State and federal governments spent an estimated $9-billion between 2003 and 2008 on students who dropped out of college during their freshman year, according to a report scheduled for release on Monday.
While that sum may be a small portion of the overall amount that governments spent on higher education during that time, it's still a high cost for failing to keep students in college, said Mark S. Schneider, vice president for education, human development, and the work force at the American Institutes for Research, which compiled the data for the report.
And since the report considered only first-time, full-time freshmen at four-year colleges, the $9-billion total is also just a portion of the overall cost of dropouts, Mr. Schneider said on Thursday during a conference call with reporters.
Because the report is based on data from the U.S. Education Department, it does not take account of students who attend part time, who leave college in order to transfer to another institution, or who drop out but return later to receive their degrees. So the report's conclusions are incomplete.
The report makes no recommendations about how to better retain college students, but Mr. Schneider said that states should base a much larger percentage of their higher-education spending on the number of students who complete degrees, not the number enrolled, at a given institution.
In addition to the report, the institute is unveiling a new Web site that allows users to compare a variety of performance measures for more than 1,500 public and private colleges and universities and all 50 states, including the percentage of freshmen who drop out of college, the amount spent on those who drop out, and the amount spent on instruction and administration.

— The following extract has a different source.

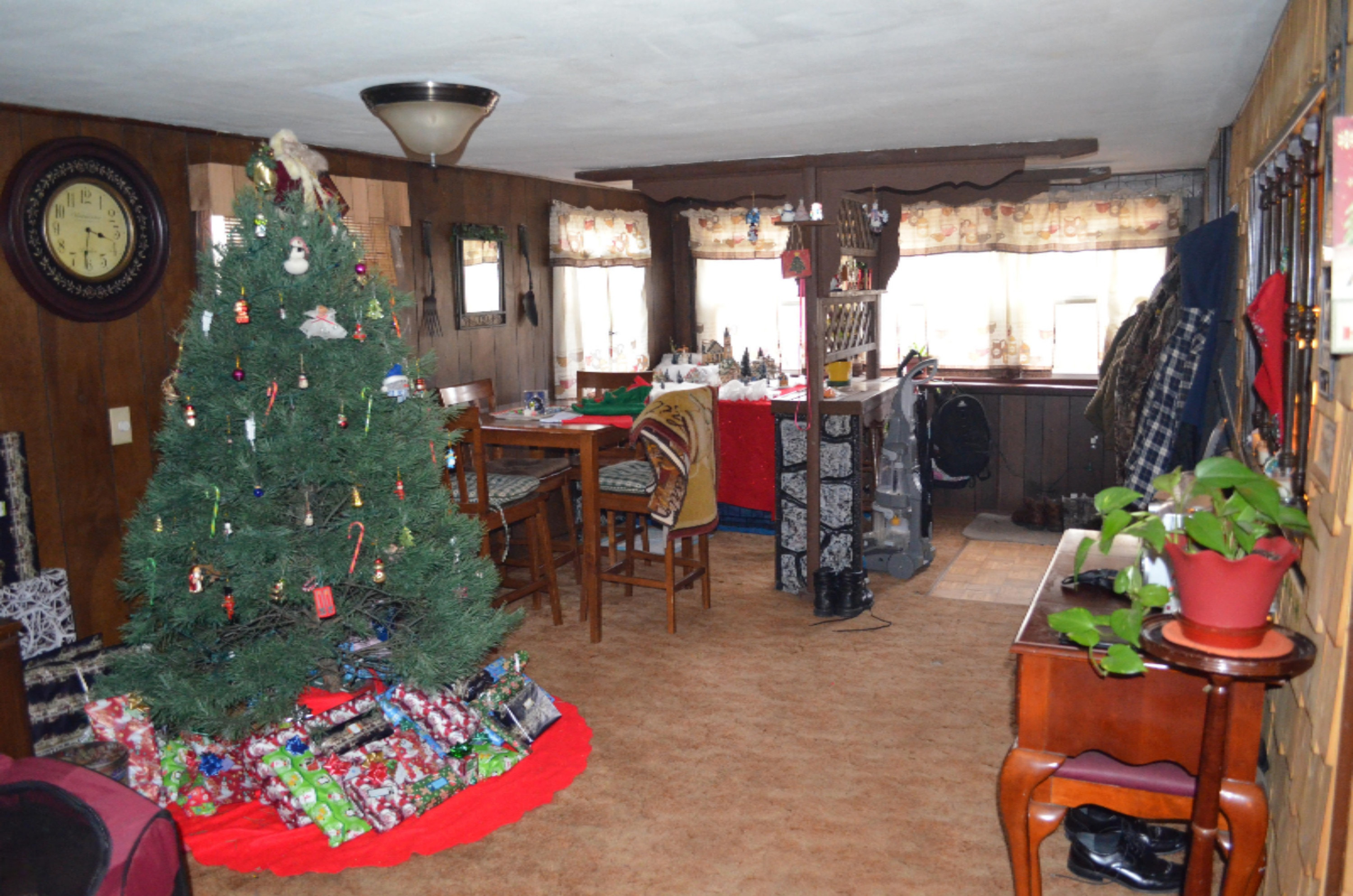 67012 Hess Road Edwardsburg, MI 49112 - Photo 3 of 7 Hess LR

The Web site also wades into the controversial area of "gainful employment" by providing some data on the ratio of student-loan repayments to earnings for recent graduates at each of the 1,500 institutions. The U.S. Department of Education is formulating a new regulation that could disqualify some institutions, in particular for-profit colleges, from receiving federal financial aid if their students incur too much student-loan debt in comparison to their earnings.
The Web site is meant to provide accountability and openness for consumers and policy makers about how well a state or a particular institution is performing, said Larry Giammo, managing director of Matrix Knowledge Group, an international consulting company that works with nonprofit and government groups and that helped to create the new site.